A tantalum thin film enables an on-demand microwave single-photon source with demonstrated antibunching.

A machine-rendered reading of the paper's core claim, the machinery that carries it, and where it could break.

The paper presents a microwave single-photon source made from a tantalum-based thin film. Favorable properties of tantalum support high-quality and stable photon emission. Second-order correlation measurements reveal antibunching in the emitted radiation. Traveling-wave parametric amplifiers serve as pre-amplifiers to boost the signal-to-noise ratio and shorten the time needed for these measurements. The work establishes tantalum superconducting devices as practical platforms for microwave quantum photonics.

Core claim

We demonstrate a microwave single-photon source fabricated using a tantalum-based thin film. The material properties enable high-quality and stable photon emission. Antibunching is shown through second-order correlation measurements, and traveling-wave parametric amplifiers improve detection to reduce acquisition time, proving the viability of tantalum-based devices for microwave quantum photonics.

What carries the argument

Tantalum-based thin film device that supports stable single-photon emission in the microwave regime.

Load-bearing premise

The observed antibunching truly indicates single-photon emission enabled by the tantalum film's properties rather than arising from noise, multi-photon processes, or artifacts introduced by the amplifiers.

What would settle it

A second-order correlation measurement yielding g2(0) greater than 0.5 would indicate that the source does not emit true single photons.

Figures

Figures reproduced from arXiv: 2512.07589 by En-Qi Chen, Jia-Gui Feng, Jing Zhang, Sheng-Yong Li, Ying Hu, Yu-xi Liu, Zhihui Peng.

Figure 1
Figure 1. Figure 1: FIG. 1. The thin film and device characterization: (a) AFM [PITH_FULL_IMAGE:figures/full_fig_p002_1.png] view at source ↗
Figure 2
Figure 2. Figure 2: FIG. 2. Schematic diagram of the experimental setup, il [PITH_FULL_IMAGE:figures/full_fig_p003_2.png] view at source ↗
Figure 3
Figure 3. Figure 3: FIG. 3. Qubit response under continuous-wave probing. (a) Reflection spectrum of the transmon qubit as a function of [PITH_FULL_IMAGE:figures/full_fig_p004_3.png] view at source ↗
Figure 4
Figure 4. Figure 4: FIG. 4. Rabi oscillation measurement of the emitted field. (a) Time-resolved quadrature amplitude of the emission field [PITH_FULL_IMAGE:figures/full_fig_p005_4.png] view at source ↗
Figure 5
Figure 5. Figure 5: FIG. 5. Correlation function measurements. (a) Time dependence of the first-order correlation function [PITH_FULL_IMAGE:figures/full_fig_p006_5.png] view at source ↗
read the original abstract

Single-photon sources are crucial for quantum information technologies.

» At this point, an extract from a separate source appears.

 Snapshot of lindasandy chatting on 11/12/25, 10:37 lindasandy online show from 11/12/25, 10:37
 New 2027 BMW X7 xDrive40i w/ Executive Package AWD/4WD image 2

Here, we demonstrate a microwave single-photon source fabricated using a tantalum-based thin film, whose favorable material properties enable high-quality and stable photon emission. The antibunching behavior of the emitted radiation is revealed by second-order correlation measurements. Furthermore, traveling-wave parametric amplifiers are used as the pre-amplifier in the detection chains, we substantially improve the signal-to-noise ratio and thereby greatly reduce the acquisition time required for second-order correlation measurements. These results demonstrate the viability of tantalum-based superconducting devices as reliable platforms for microwave quantum photonics.

Editorial analysis

A structured set of objections, weighed in public.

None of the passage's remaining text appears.